Replies are listed 'Best First'.
Re: Pulling by regex II
by tadman (Prior) on Dec 13, 2002 at 00:56 UTC
    Just a few tricks. Don't use chained if statements when a hash will do:
    my %month = ( Jan => 0, Feb => 1, ... ); # ... $month = $month{$month}; # Could stand to use better names
    In many cases it's often better to make a big regex for the entire line. A fully-expanded line-matching regex can break out all the variables you need without any leftover material that needs to be stripped off with substitutions.

    Alternatively, you could use something like Apache::ParseLog.

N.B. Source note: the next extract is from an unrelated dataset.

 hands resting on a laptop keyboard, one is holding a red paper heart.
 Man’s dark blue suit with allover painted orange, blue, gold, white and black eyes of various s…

    Also, since you've left out the brackets on your open call, it doesn't actually error out when you expect it to. The correct way would be:
    open(LOGFILE, "datafile.html") || die "Can't open file";
    Further, you can actually iterate over the log file one line at a time instead of reading it all in:
    foreach my $log_line (<LOGFILE>) { # ... }
    By the way, that commented out #use strict; is scary. The reason you're getting errors is because you're not properly declaring your variables with my. For example:
    my $hour = param ("hour"); my $minute = param ("minute");
      Alternately, you could build a month => month_num hash with a one-line map statement ala:
      my %months = map { (qw/Jan Feb Mar Apr May Jun Jul Aug Sep Oct Nov Dec +/)[$_] => $_}(0..11);
      I like doing stuff like this because it saves you the possible typo(s) if you userstand how map works. I'm always looking for more efficient ways to do it, however. Can anyone think of any?

          --jb

        Why use an array and map and a hash. A string and index will do it.

        my $month_num = index( 'Jan Feb Mar Apr May Jun Jul Aug Sep Oct Nov De +c', $month_str)/4;

        Examine what is said, not who speaks.

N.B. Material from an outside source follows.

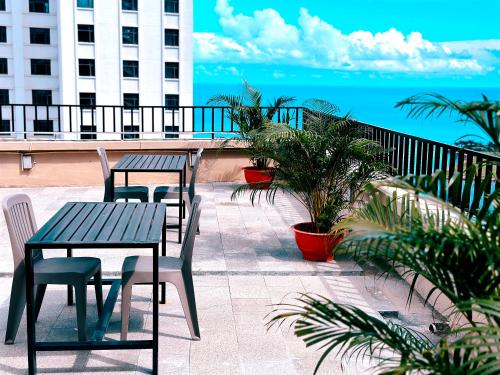 a patio with two tables and chairs and the ocean at 东方酒店 in Sihanoukville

      Thanks, I totally missed the error problem, thanks for pointing it out. Would going through the log one line at a time be more efficient?
        If you have a 2GB log file, you can imagine that reading the whole thing into memory isn't going to be terribly efficient. Processing it one line at a time is virtually a must.

        Unless you need to read in the whole file because it's not terribly large and you will be refering to it several times, it is almost always better to pick through it one line at a time.
Re: Pulling by regex II
by BrowserUk (Patriarch) on Dec 13, 2002 at 00:57 UTC

    BrowserUk, I decided against using Date:Manip even though I really like that module. That's because the module instructions warn that it's slower than other time modules and this script will be used most often when the web server is overloaded with requests; thus, speed is essential.

    Given you are doing a filesystem read between every call to Date::Manip, I seriously doubt it would be a bottleneck. In any case it would be running faster than your broken code:).

    If you really find that Date::Manip is too slow for your application, then you could move to using one of the (several dozen) Date::* modules on CPAN rather than attempting to roll your own. Several of these are mentioned in the Date::Manip pod: Date::Parser, Date::Calc. The later of which is an interface to a C library I believe and its reputedly very fast. The main reason I didn't suggest these is that you need to compile them which is sometimes a problem.

    A quick look at your code and its glaringly obvious what the problem is. And if you hadn't commented out the use strict and omitted the -w/use warnings it would be glaringly obvious to you too, as the compiler would be screaming the cause at you over and over. 11 times I think.

    Come back, if you need to, once you have made your code compile cleanly with -w and use strict and you might get some further help.


    Examine what is said, not who speaks.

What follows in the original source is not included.